Décrivez des sauvages abrutis qui seront les maîtres de demain et des nobles chevaliers qui se sacrifient sans hésitation au nom de Rois décadents et corrompus.
Domination des blancs sur les autres peuples.Une idée commune, Howard en bon texan croyait en la suprématie des blancs sur les autres peuples. Voilà bien un truc qui faisait bien rigoler Howard (pas du tout convaincu par la montée du fascisme dans les années 30) mais qui s’explique par sa fascination pour ses origines normandes et irlandaise. Ses héros portent toujours en eux le sang des celtes et/ou des vikings mais il reconnait à chaque culture ses forces et ses faiblesses. Cet aspect ethnoculturel est très important et dans ses récits transpirent toujours la cruauté des tartares, la fierté et le fatalisme des arabes ou la sauvagerie animale des africains noirs.
HumanismeLes récits d’Howard n’ont rien d’altruiste et optimistes. Pourtant ses personnages ont une présence palpable.
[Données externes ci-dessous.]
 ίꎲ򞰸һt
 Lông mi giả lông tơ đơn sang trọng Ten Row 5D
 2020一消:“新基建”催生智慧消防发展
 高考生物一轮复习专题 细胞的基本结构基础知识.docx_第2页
Il ne décrit jamais d’homme ou de femme parfaits mais toujours des êtres partagés entre leurs croyances et leur nature profonde. Ils sont toujours perfectibles mais très présents.
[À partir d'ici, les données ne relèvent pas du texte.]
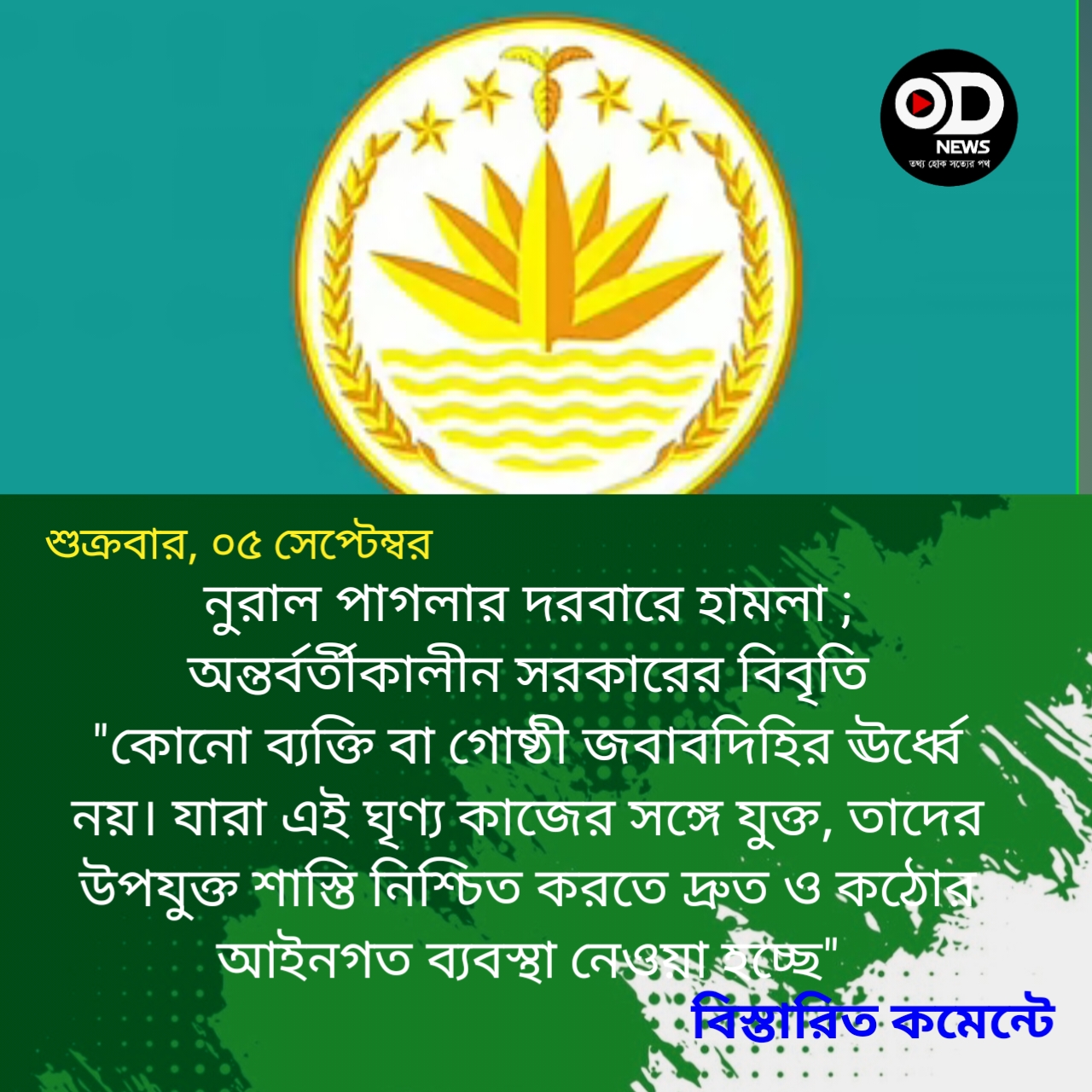 এ ধরনের বর্বরতা কোনো অবস্থাতেই সহ্য করা হবে না: অন্তর্বর্তী সরকার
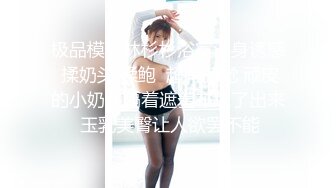 【新片速遞】 2022-8-6【持久哥探花】小伙约操良家眼镜嫩妹，撩起白裙摸穴调情，69姿势舔逼，骑乘位爆操舒服了[706MB/MP4/01:30:09]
A partir du moment où vous donnez un nom, faites en sorte qu’il est une apparence, un caractère marqué et une ambition personnelle. Ce dernier point est important car les personnages chez Howard ont tous une âme qui les rend vivants.
Jouez avec l’HistoireSi Howard a créé le monde Hyboréen c’est pour réutiliser l’Histoire sans avoir à perdre du temps dans la documentation. Les pictes rappellent la chute de l’Empire romain en Grande Bretagne, Khauran la lutte des royaumes chrétiens durant les croisades et les farouches hyrkaniens les barbares mongols. Reprenez n’importe quelle période historique trouble et inspirez vous en pour décrire l’ambiance de votre histoire.
EvocateurToujours l’ami Shevatas : autre point fort, LA PUISSANCE DANS L'EVOCATION D'ATMOSPHERE, tellement maitrisée chez REH, surtout sur ses courtes nouvelles où quelques mots suffisent pour faire surgir de l'imagination du lecteur des tableaux aux couleurs baroques, des parfums de temps oubliés, des horreurs préhumaines et des cauchemars cachés...et surtout des fresques de batailles qui transpirent le sang et le métal.
C’est sans doute l’un des points majeurs de l’écriture mais aussi le plus difficile à reproduire. Le vocabulaire d’Howard se voulait grandiose, mystérieux et puissant. Le choix judicieux des mots faisait travailler l’imagination et chacun arrivait à se faire une idée de la scène. Jouez sur les sensations (froid, chaud, humide…) et sur les émotions fortes (haine, colère, désespoir, luxure…) afin de faire pousser les joueurs/lecteurs à interpréter la situation.
Format court et continuitéHoward écrivait des histoires courtes avec un début, un milieu et une fin. Si vous rédigez une histoire « howardienne » faites en sorte que le format se suffise à lui-même. Si vous souhaitez conserver les personnages et lieux pour une autre histoire, utilisez les dans un contexte totalement différent, faîtes références à des événements passés qui ont bousculé les choses afin de faire comprendre que rien n’est immuable et que le monde est en perpétuel mouvement.